For indoor furniture and cabinetry, kiln-dried lumber typically starts at 6% to 8% moisture content. If you’re building something that will live in a heated home where equilibrium moisture content hovers around 6% to 8%, properly dried lumber won’t move much further. The real problems come when wood isn’t dried enough before use, or when it’s stored in a damp area after kiln drying and reabsorbs moisture before you build with it.
Equilibrium Moisture Content and Your Environment
Wood never truly stops exchanging moisture with the air around it. Every combination of temperature and relative humidity corresponds to an equilibrium moisture content, the level the wood will eventually settle at if left long enough. Higher humidity and lower temperatures push EMC up; heated indoor air pushes it down.
In most heated homes in the United States, EMC ranges from about 6% to 10% depending on the season. A wood floor installed at 7% moisture might swell slightly in a humid summer and shrink back in a dry winter. This seasonal movement is normal and typically small, but it’s the reason woodworkers leave expansion gaps and why solid wood tabletops are attached with hardware that allows cross-grain movement.
Drying Defects From Uneven Shrinkage
The mismatch between tangential and radial shrinkage is the root cause of most drying defects. When one face of a board shrinks faster or more than the other, the wood distorts.
Cupping happens when a flatsawn board curves across its width, with the bark side becoming concave. Because the tangential surface (closer to the bark) shrinks more than the radial surface (closer to the pith), the board curls. The greater the difference between tangential and radial shrinkage rates for a given species, the worse the cupping tendency.

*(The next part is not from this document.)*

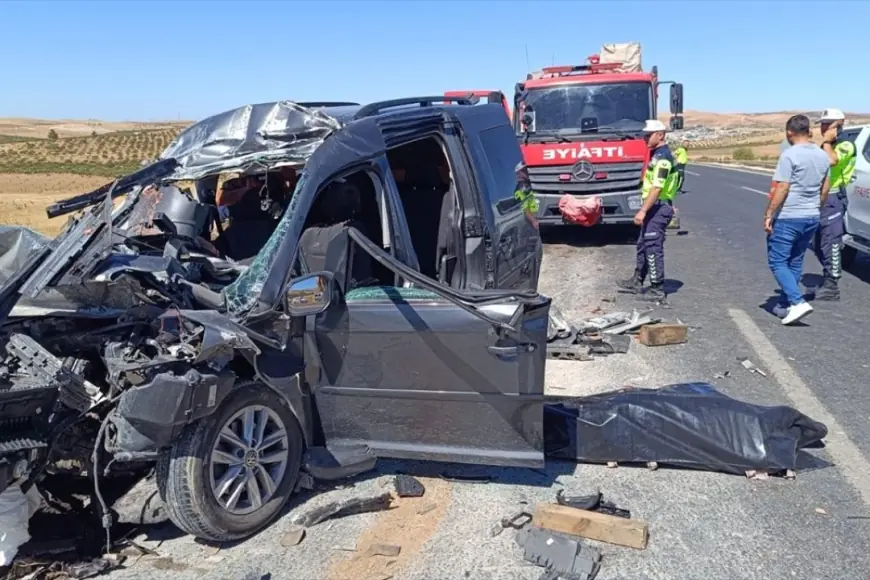 Urfa’da feci kaza: 4 ölü, 2 ağır yaralı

Surface checks are small cracks that open on the face of a board when the outer shell dries and shrinks faster than the still-wet interior. The outer wood is trying to shrink but the core won’t let it, creating tension that splits the surface fibers. Drying too quickly, especially in the early stages, makes this much worse.

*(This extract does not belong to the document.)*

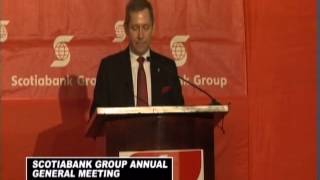 Scotiabank Jamaica Annual General Meeting 2013  Part 3 [upl. by Cromwell]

Bowing is a lengthwise curve caused by unequal longitudinal shrinkage on opposite faces. While longitudinal shrinkage is tiny on average, juvenile wood near the pith or reaction wood from leaning trees can shrink unevenly along the grain, pulling one face tighter than the other. Boards cut near the center of a log are most prone to this.
Boxed-heart lumber, where the pith runs through the piece, is especially vulnerable. The difference between tangential and radial shrinkage around the center of the log creates stresses severe enough to split the board, and there’s no reliable way to prevent it.
How Long Drying Takes
Air drying one-inch hardwood lumber to outdoor equilibrium moisture content (typically 12% to 15% depending on climate) takes anywhere from a few months to over a year, depending on species, climate, and air circulation. Drying time increases roughly with the square of the thickness, so two-inch lumber takes roughly four times as long as one-inch stock, though practical experience suggests it’s somewhat less than that perfect ratio.

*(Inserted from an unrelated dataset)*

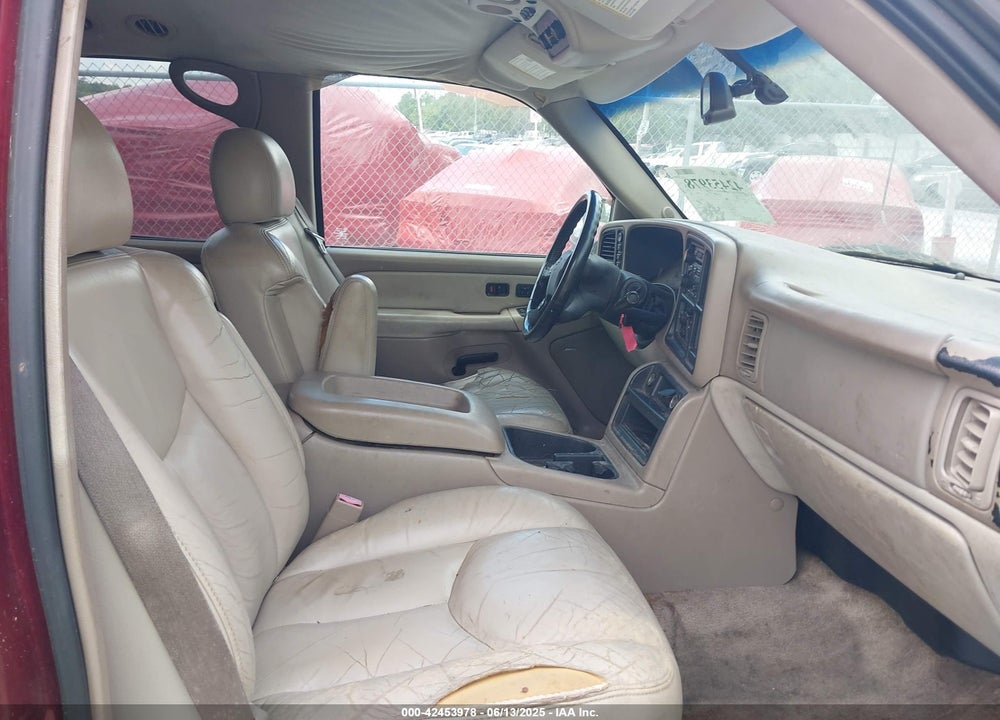 2003 CHEVROLET TAHOE Z71 VIN: 1GNEK13Z33R275241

Kiln drying dramatically accelerates the process, bringing one-inch lumber down to 6% to 8% in days to weeks. For woodworkers buying kiln-dried lumber, the key is to let it acclimate in your shop for at least a week before milling it to final dimensions. This allows the wood to reach equilibrium with your working environment so any remaining movement happens before you cut your joints, not after.